Records excerpted from a collection:

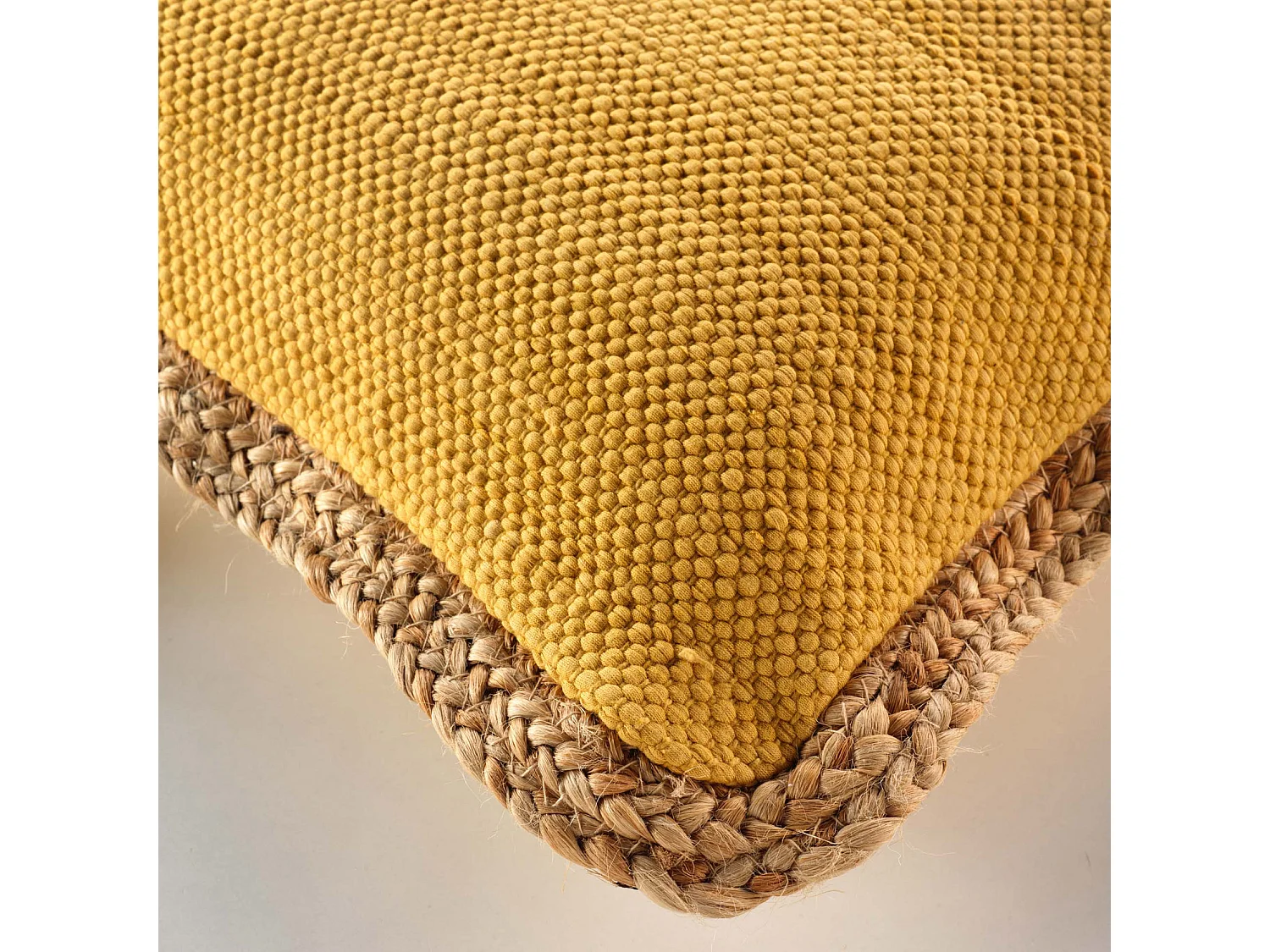 Coussin bifaces avec contour en jute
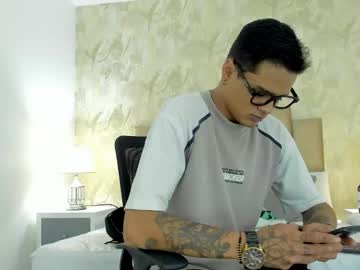 Joshua_Kinng_ May 14, 2025 Chaturbate stream image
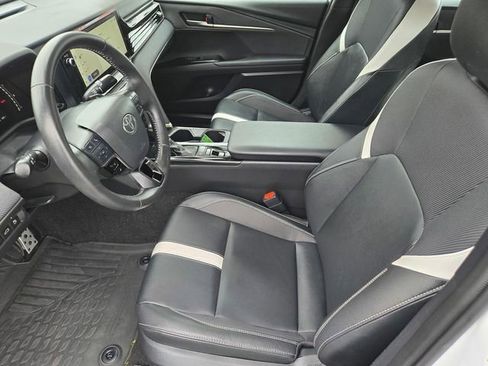 Certified 2025 Toyota Camry SE w/ Multimedia Upgrade Package FWD image 18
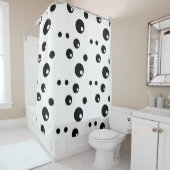 Rideaux De Douche Conception de Motif à points Polka noir et blanc (En situation)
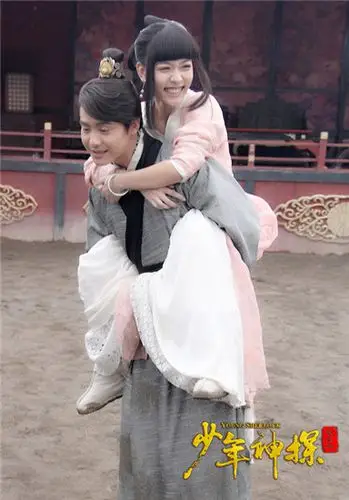 由黄宗泽,马天宇,孙骁骁联袂主演的古装案探悬疑推理剧《少年神探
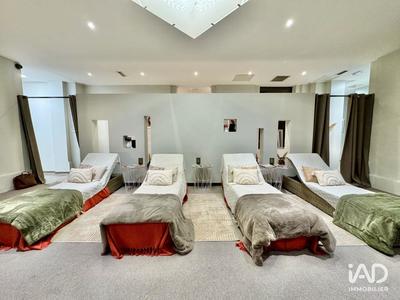 Local commercial - 221 m²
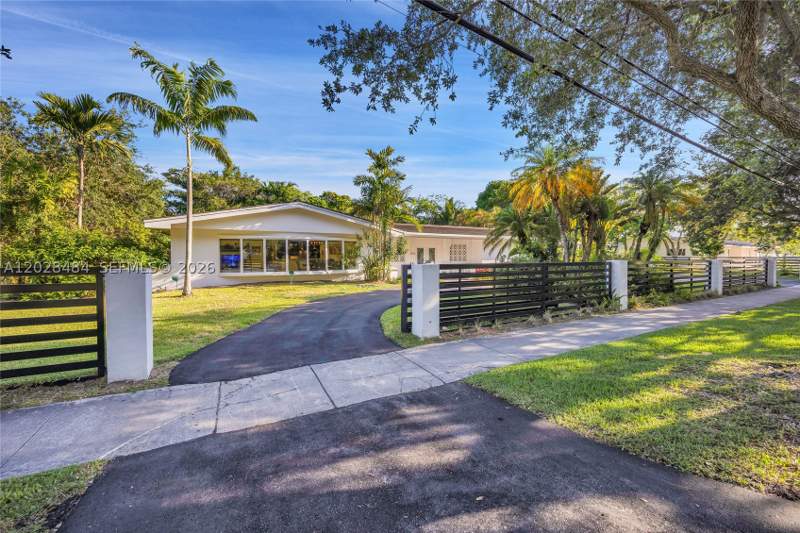 4 bedroom SingleFamilyResidence at 6970 SW 124th St, Fairmont Acres Sec 1, Pinecrest — photo 2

__WHAT THIS TASK INVOLVES__:
The result should be an exact retyped version of all the entries above, containing no pictures.

__RESPONSE AREA__:
 Coussin bifaces avec contour en jute
 Joshua_Kinng_ May 14, 2025 Chaturbate stream image
 Certified 2025 Toyota Camry SE w/ Multimedia Upgrade Package FWD image 18
 Rideaux De Douche Conception de Motif à points Polka noir et blanc (En situation)
 由黄宗泽,马天宇,孙骁骁联袂主演的古装案探悬疑推理剧《少年神探
 Local commercial - 221 m²
 4 bedroom SingleFamilyResidence at 6970 SW 124th St, Fairmont Acres Sec 1, Pinecrest — photo 2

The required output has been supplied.